- _Work to be completed_
Copy only what lies from the line containing "1025 Timothy Lane, Cleveland, OH 44109" through the line containing "Snapshot of freud_x_louise1" in the entries below, keeping both end lines exact and dropping every picture.

- _Records supplied_
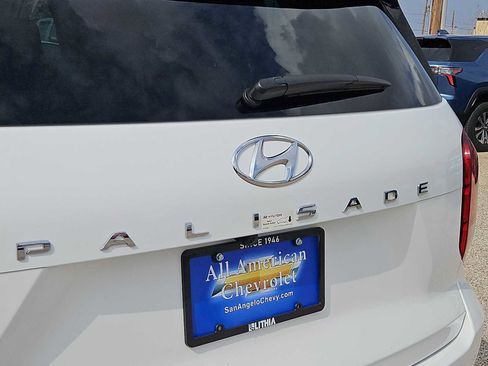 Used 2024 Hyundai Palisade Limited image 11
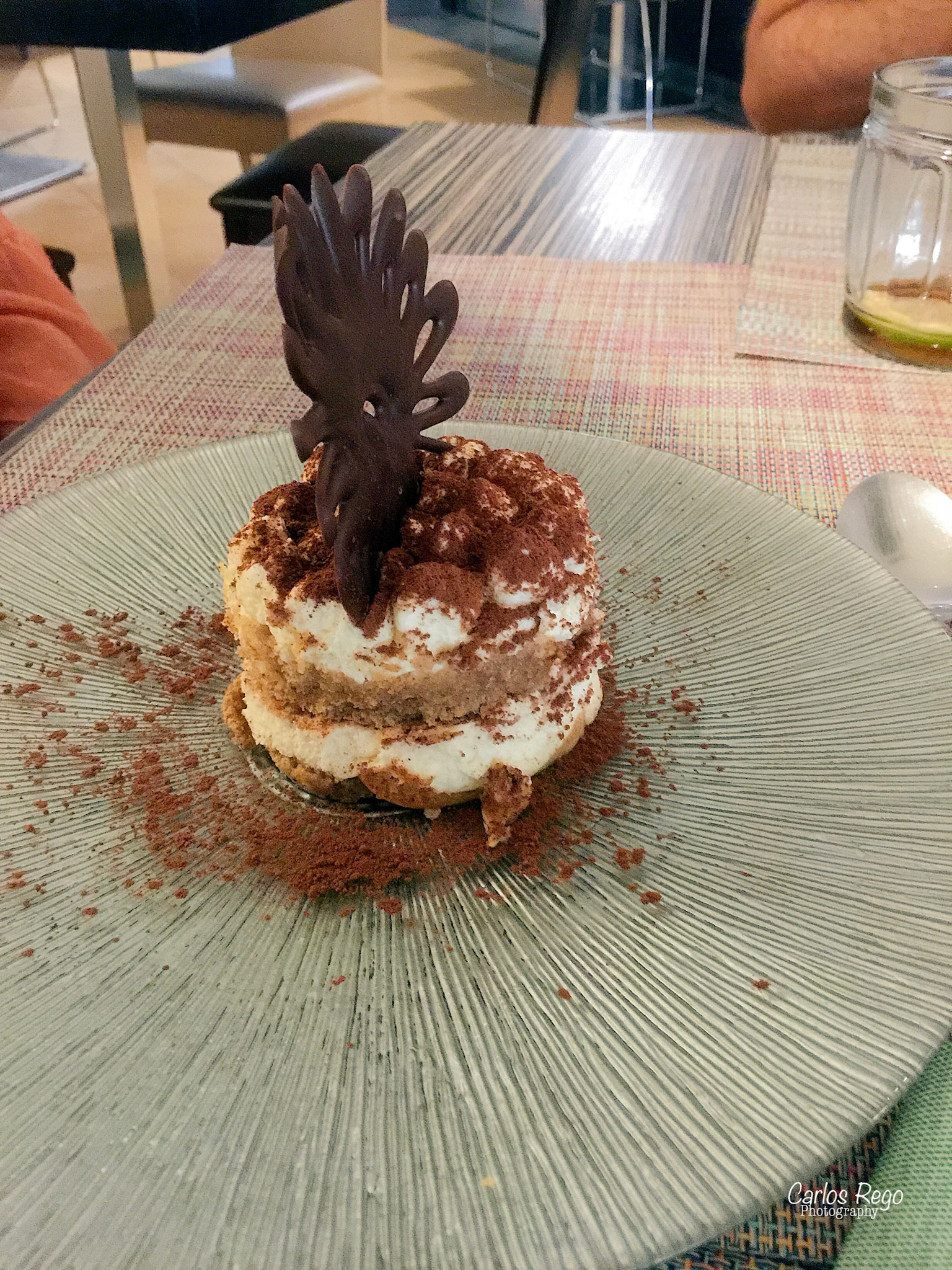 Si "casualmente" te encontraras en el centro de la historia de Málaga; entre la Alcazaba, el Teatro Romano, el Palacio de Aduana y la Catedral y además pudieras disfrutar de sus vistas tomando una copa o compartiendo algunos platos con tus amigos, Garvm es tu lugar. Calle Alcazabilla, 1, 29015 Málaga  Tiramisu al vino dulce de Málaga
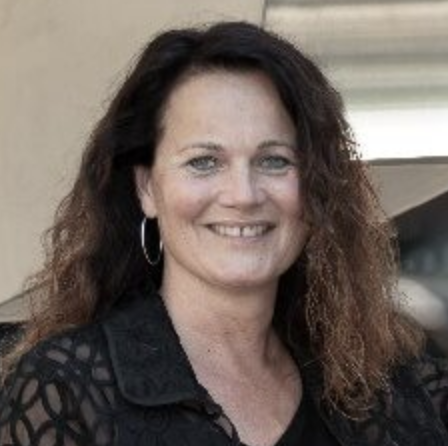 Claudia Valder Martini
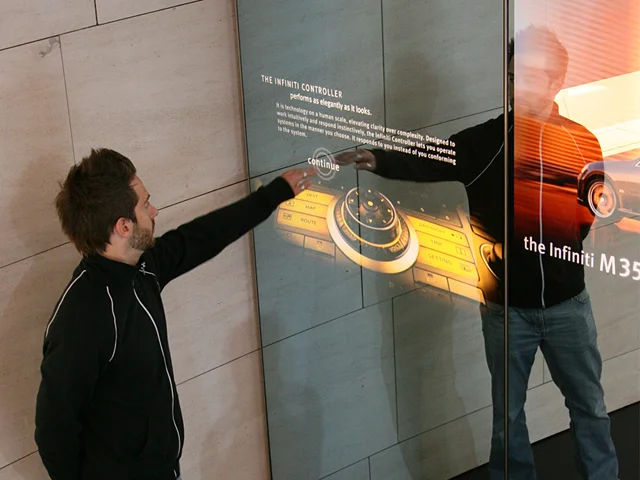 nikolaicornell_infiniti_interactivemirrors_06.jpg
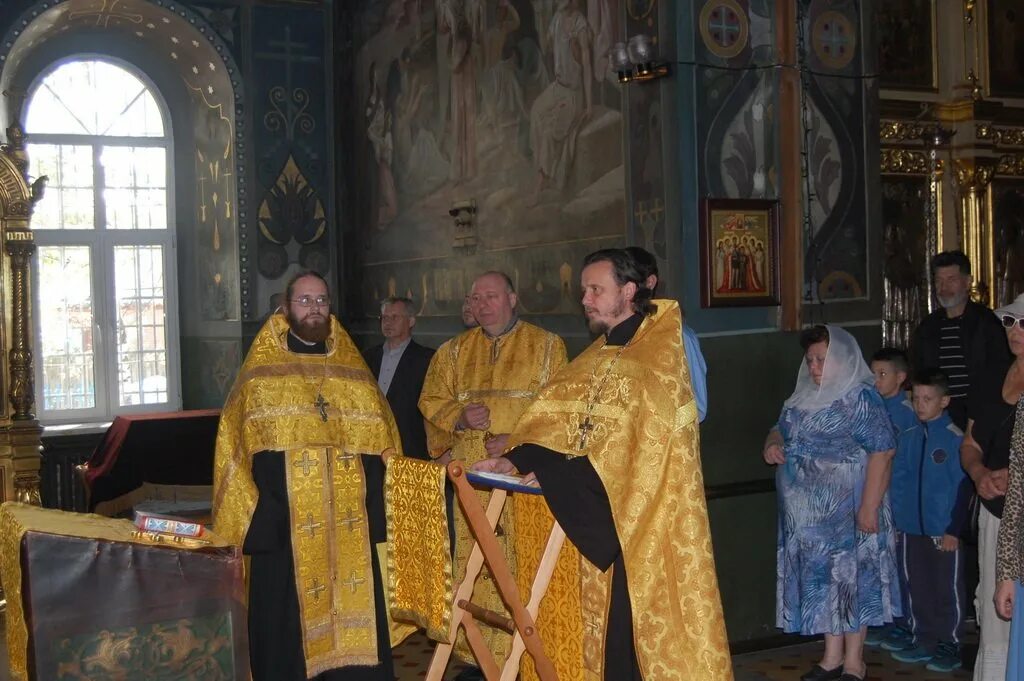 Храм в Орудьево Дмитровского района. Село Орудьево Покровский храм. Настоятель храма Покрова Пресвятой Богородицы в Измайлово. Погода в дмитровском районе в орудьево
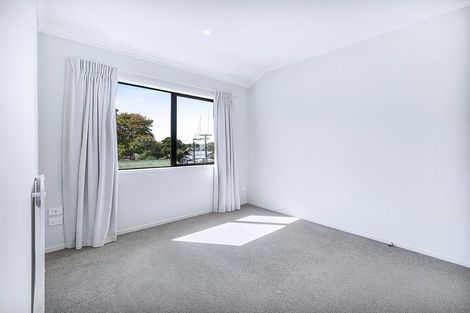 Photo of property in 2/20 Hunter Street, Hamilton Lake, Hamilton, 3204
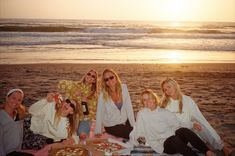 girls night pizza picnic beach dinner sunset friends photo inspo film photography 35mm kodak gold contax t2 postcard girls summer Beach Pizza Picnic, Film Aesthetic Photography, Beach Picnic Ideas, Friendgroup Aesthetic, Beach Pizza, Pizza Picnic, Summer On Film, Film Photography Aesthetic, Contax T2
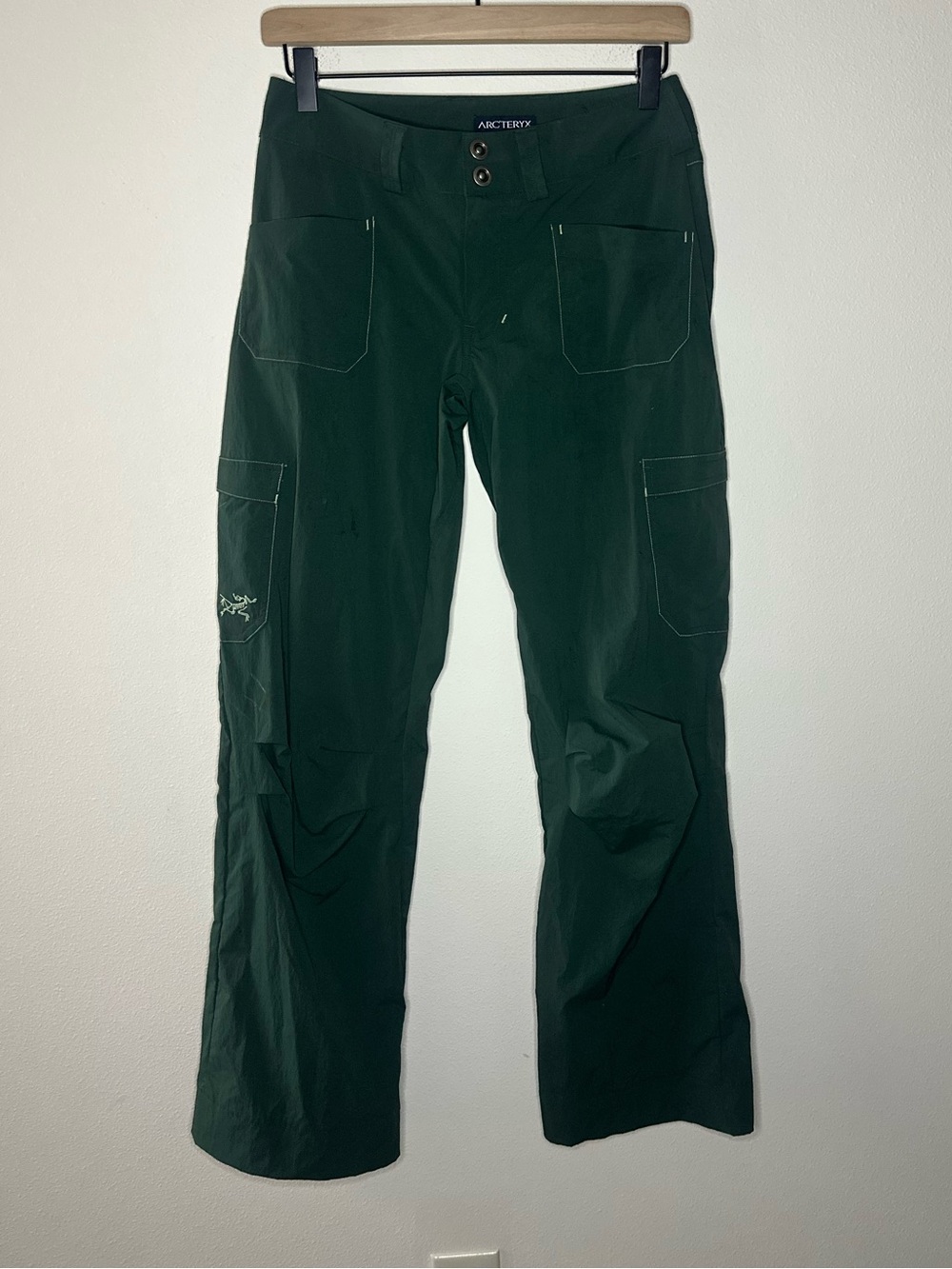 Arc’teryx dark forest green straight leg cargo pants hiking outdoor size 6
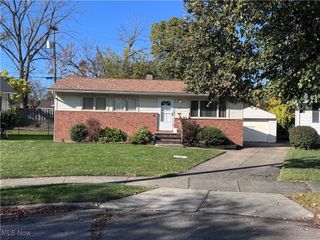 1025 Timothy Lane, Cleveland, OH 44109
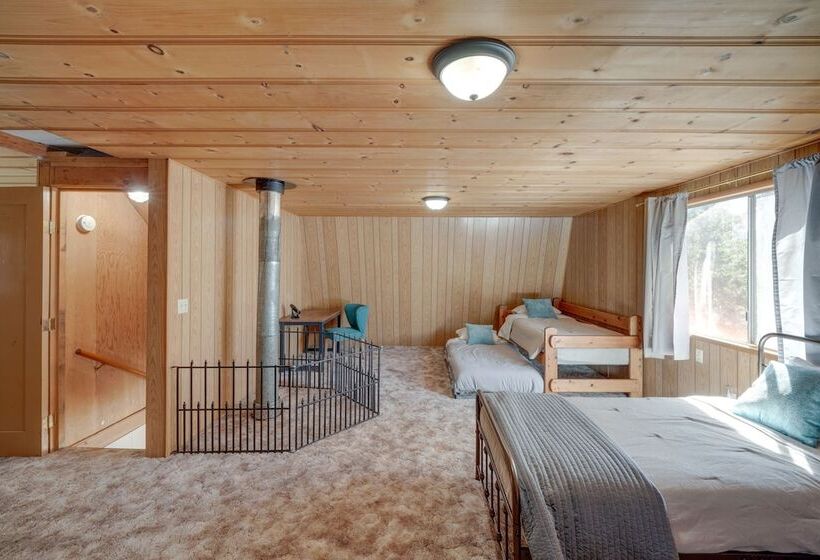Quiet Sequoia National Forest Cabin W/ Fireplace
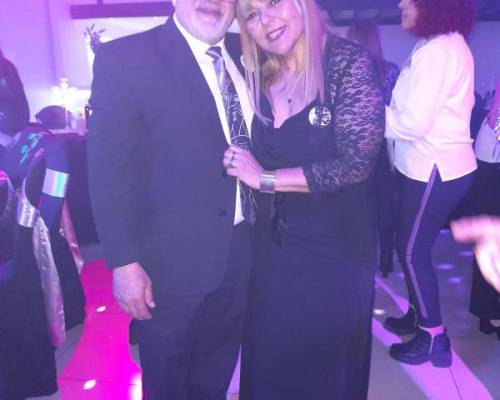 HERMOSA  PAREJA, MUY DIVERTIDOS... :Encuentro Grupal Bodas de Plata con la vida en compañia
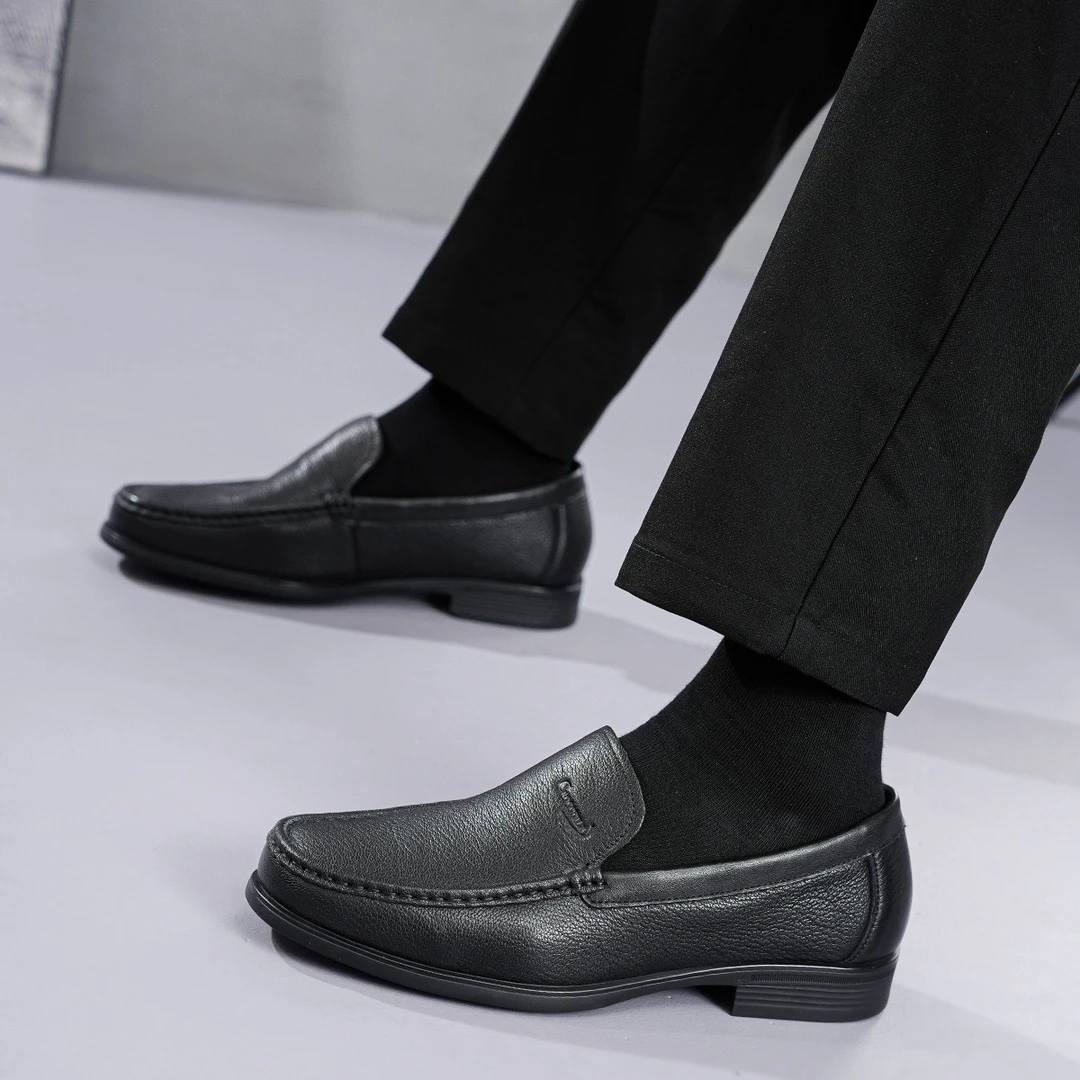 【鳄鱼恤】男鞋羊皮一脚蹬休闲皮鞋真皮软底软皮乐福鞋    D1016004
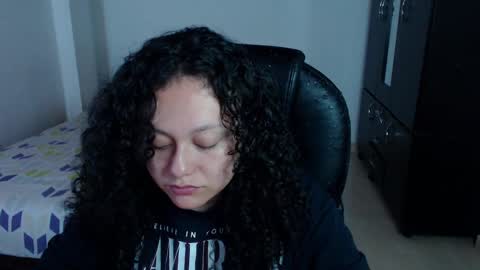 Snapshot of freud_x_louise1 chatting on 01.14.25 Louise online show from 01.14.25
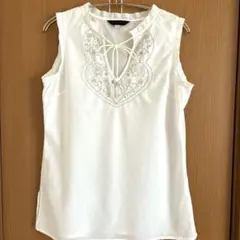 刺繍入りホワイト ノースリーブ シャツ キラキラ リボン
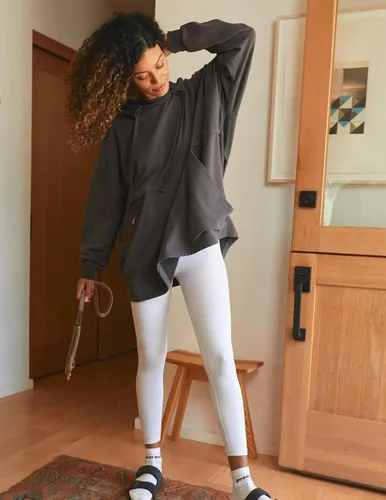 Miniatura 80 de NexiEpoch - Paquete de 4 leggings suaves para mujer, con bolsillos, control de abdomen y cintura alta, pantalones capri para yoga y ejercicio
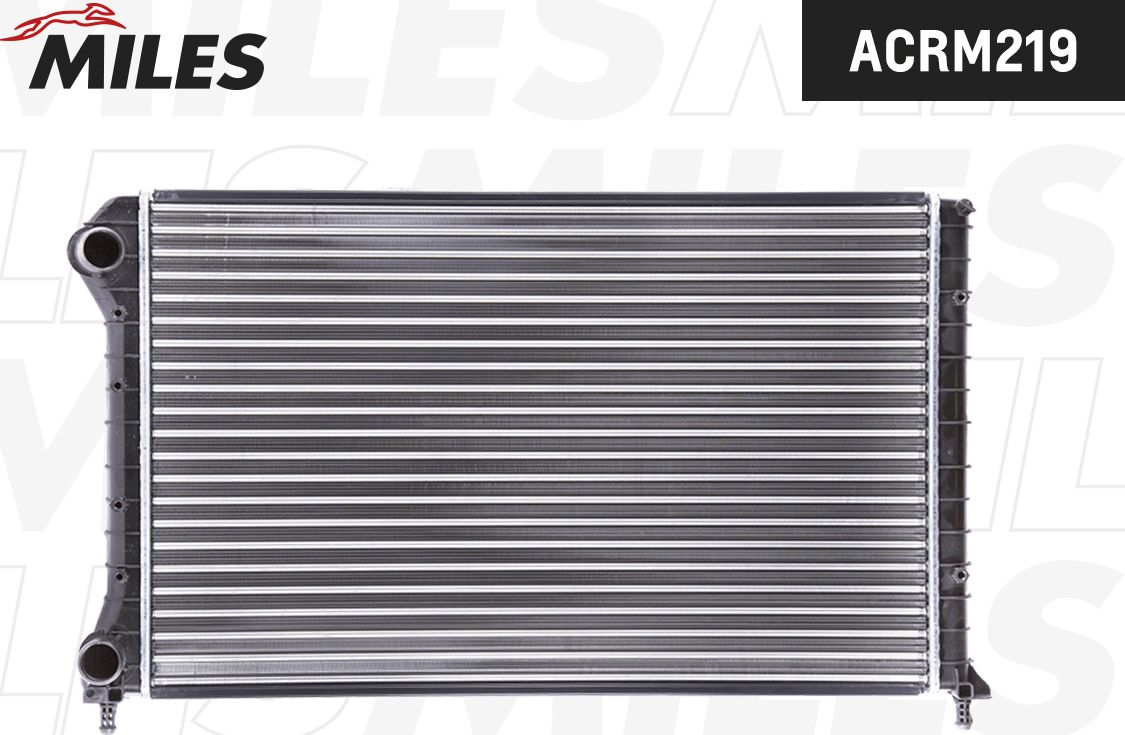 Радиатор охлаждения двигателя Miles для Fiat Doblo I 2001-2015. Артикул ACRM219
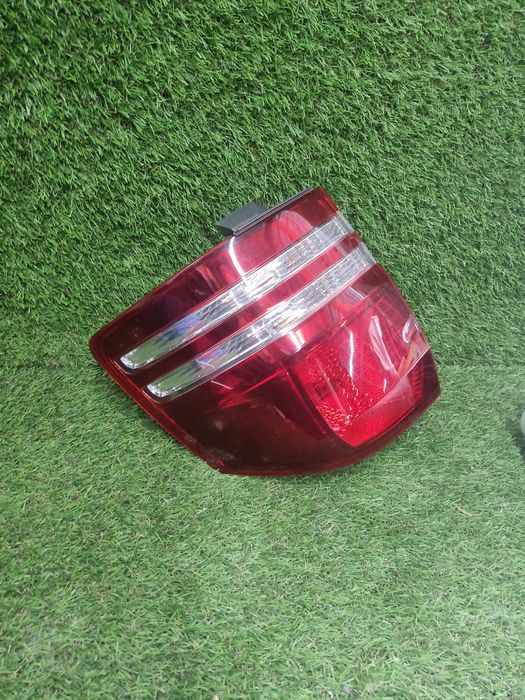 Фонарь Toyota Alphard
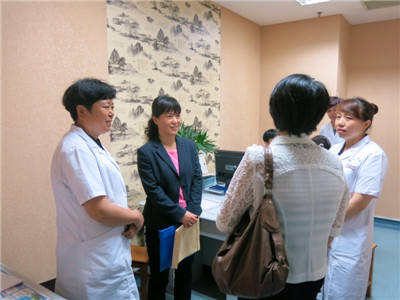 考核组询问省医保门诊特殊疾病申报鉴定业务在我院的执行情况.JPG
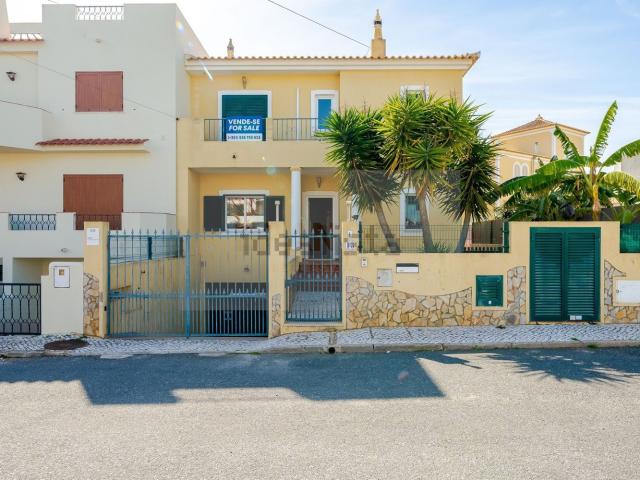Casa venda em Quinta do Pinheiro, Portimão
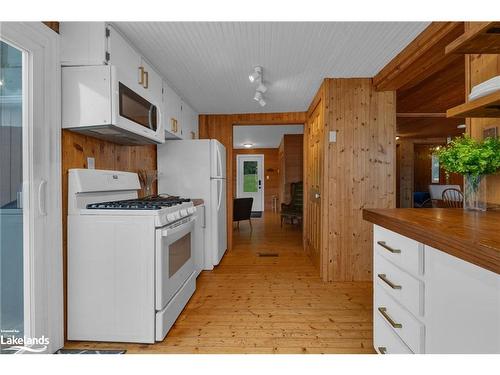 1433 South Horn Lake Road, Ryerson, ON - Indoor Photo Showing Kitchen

- _Solution to this problem_
 1025 Timothy Lane, Cleveland, OH 44109
Quiet Sequoia National Forest Cabin W/ Fireplace
 HERMOSA  PAREJA, MUY DIVERTIDOS... :Encuentro Grupal Bodas de Plata con la vida en compañia
 【鳄鱼恤】男鞋羊皮一脚蹬休闲皮鞋真皮软底软皮乐福鞋    D1016004
 Snapshot of freud_x_louise1 chatting on 01.14.25 Louise online show from 01.14.25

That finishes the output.